Data supplied:

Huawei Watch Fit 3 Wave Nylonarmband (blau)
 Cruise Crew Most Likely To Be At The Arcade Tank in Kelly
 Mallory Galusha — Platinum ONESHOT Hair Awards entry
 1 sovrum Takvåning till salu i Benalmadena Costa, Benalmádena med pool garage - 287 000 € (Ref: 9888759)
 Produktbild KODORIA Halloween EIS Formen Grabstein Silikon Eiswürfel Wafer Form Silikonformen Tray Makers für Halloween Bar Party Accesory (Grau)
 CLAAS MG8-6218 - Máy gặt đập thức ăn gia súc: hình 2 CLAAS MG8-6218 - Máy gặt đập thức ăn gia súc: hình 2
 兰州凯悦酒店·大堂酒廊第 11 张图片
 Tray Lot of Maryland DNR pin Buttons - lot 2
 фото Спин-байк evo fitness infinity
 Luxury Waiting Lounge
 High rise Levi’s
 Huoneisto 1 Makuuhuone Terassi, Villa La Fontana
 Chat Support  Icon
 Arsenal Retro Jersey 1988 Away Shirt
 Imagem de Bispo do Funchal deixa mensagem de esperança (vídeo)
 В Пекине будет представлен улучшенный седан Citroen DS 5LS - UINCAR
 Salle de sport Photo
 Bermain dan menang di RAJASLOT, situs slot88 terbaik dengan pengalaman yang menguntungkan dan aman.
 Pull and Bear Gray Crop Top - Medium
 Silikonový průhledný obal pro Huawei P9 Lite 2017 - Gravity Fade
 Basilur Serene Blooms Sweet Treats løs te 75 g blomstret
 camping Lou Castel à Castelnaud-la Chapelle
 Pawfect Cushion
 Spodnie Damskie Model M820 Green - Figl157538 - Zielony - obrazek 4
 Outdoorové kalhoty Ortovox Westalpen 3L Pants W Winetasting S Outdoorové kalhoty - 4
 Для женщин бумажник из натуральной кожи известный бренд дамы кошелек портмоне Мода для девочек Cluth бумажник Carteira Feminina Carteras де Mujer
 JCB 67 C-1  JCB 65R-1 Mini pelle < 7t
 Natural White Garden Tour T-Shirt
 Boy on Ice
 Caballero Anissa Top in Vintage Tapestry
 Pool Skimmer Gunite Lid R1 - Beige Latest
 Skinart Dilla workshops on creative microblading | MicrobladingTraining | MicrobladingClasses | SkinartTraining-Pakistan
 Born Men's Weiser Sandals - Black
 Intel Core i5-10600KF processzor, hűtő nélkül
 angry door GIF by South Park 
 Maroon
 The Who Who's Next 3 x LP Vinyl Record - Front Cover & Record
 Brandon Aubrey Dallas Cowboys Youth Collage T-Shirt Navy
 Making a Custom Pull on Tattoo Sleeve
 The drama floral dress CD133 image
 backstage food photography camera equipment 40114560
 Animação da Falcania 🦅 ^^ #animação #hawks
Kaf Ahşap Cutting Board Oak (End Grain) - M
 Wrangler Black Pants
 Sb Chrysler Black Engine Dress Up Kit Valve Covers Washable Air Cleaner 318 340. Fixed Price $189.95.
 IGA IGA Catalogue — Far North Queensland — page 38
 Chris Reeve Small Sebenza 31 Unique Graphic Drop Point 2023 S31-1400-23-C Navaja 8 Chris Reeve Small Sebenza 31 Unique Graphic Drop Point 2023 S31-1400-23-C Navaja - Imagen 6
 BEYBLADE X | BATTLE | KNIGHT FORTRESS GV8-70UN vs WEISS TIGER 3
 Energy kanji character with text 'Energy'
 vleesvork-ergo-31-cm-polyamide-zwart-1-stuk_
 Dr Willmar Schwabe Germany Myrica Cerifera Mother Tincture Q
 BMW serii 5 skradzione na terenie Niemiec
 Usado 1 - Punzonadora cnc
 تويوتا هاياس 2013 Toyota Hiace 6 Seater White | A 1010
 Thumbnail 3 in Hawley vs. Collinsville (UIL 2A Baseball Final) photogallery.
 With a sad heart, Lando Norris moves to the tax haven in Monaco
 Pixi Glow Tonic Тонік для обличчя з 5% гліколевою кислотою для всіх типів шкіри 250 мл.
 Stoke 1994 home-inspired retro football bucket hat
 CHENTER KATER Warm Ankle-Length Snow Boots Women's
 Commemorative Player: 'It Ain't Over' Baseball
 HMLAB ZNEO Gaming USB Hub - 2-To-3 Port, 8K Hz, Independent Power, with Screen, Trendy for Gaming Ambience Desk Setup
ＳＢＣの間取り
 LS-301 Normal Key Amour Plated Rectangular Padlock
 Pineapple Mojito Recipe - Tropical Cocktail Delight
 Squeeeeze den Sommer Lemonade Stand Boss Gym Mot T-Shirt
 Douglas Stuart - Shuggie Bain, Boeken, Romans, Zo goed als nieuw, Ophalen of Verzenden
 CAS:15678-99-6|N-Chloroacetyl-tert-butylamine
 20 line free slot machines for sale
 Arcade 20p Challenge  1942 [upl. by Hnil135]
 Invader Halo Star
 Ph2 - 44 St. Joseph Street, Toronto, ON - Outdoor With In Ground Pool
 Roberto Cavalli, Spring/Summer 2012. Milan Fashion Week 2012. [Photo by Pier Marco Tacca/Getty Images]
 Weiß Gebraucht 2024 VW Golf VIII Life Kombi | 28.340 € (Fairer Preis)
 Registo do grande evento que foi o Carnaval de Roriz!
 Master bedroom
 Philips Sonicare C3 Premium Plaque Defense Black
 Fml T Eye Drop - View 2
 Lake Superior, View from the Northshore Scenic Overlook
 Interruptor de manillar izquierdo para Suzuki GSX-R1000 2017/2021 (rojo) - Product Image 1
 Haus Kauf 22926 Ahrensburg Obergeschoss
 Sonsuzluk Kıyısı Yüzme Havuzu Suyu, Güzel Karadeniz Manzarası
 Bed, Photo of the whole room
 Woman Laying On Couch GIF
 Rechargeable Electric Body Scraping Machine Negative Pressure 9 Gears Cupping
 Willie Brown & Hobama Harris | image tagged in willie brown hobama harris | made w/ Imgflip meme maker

Task to complete: Only the lines from the beginning of the material through the line with "Для женщин бумажник" should appear in the answer, each copied exactly.

Solution to this exercise:
Huawei Watch Fit 3 Wave Nylonarmband (blau)
 Cruise Crew Most Likely To Be At The Arcade Tank in Kelly
 Mallory Galusha — Platinum ONESHOT Hair Awards entry
 1 sovrum Takvåning till salu i Benalmadena Costa, Benalmádena med pool garage - 287 000 € (Ref: 9888759)
 Produktbild KODORIA Halloween EIS Formen Grabstein Silikon Eiswürfel Wafer Form Silikonformen Tray Makers für Halloween Bar Party Accesory (Grau)
 CLAAS MG8-6218 - Máy gặt đập thức ăn gia súc: hình 2 CLAAS MG8-6218 - Máy gặt đập thức ăn gia súc: hình 2
 兰州凯悦酒店·大堂酒廊第 11 张图片
 Tray Lot of Maryland DNR pin Buttons - lot 2
 фото Спин-байк evo fitness infinity
 Luxury Waiting Lounge
 High rise Levi’s
 Huoneisto 1 Makuuhuone Terassi, Villa La Fontana
 Chat Support  Icon
 Arsenal Retro Jersey 1988 Away Shirt
 Imagem de Bispo do Funchal deixa mensagem de esperança (vídeo)
 В Пекине будет представлен улучшенный седан Citroen DS 5LS - UINCAR
 Salle de sport Photo
 Bermain dan menang di RAJASLOT, situs slot88 terbaik dengan pengalaman yang menguntungkan dan aman.
 Pull and Bear Gray Crop Top - Medium
 Silikonový průhledný obal pro Huawei P9 Lite 2017 - Gravity Fade
 Basilur Serene Blooms Sweet Treats løs te 75 g blomstret
 camping Lou Castel à Castelnaud-la Chapelle
 Pawfect Cushion
 Spodnie Damskie Model M820 Green - Figl157538 - Zielony - obrazek 4
 Outdoorové kalhoty Ortovox Westalpen 3L Pants W Winetasting S Outdoorové kalhoty - 4
 Для женщин бумажник из натуральной кожи известный бренд дамы кошелек портмоне Мода для девочек Cluth бумажник Carteira Feminina Carteras де Mujer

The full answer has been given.